Task details ->
Word for word, set down the entries below.

Given information ->
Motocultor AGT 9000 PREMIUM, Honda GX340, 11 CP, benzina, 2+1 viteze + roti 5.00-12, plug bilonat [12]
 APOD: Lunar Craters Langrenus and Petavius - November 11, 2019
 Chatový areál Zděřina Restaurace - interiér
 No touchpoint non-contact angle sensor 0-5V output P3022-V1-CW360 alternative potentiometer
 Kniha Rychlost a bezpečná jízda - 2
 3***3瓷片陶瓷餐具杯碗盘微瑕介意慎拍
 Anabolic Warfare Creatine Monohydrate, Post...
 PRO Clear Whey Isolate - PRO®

Exercise response ->
Motocultor AGT 9000 PREMIUM, Honda GX340, 11 CP, benzina, 2+1 viteze + roti 5.00-12, plug bilonat [12]
 APOD: Lunar Craters Langrenus and Petavius - November 11, 2019
 Chatový areál Zděřina Restaurace - interiér
 No touchpoint non-contact angle sensor 0-5V output P3022-V1-CW360 alternative potentiometer
 Kniha Rychlost a bezpečná jízda - 2
 3***3瓷片陶瓷餐具杯碗盘微瑕介意慎拍
 Anabolic Warfare Creatine Monohydrate, Post...
 PRO Clear Whey Isolate - PRO®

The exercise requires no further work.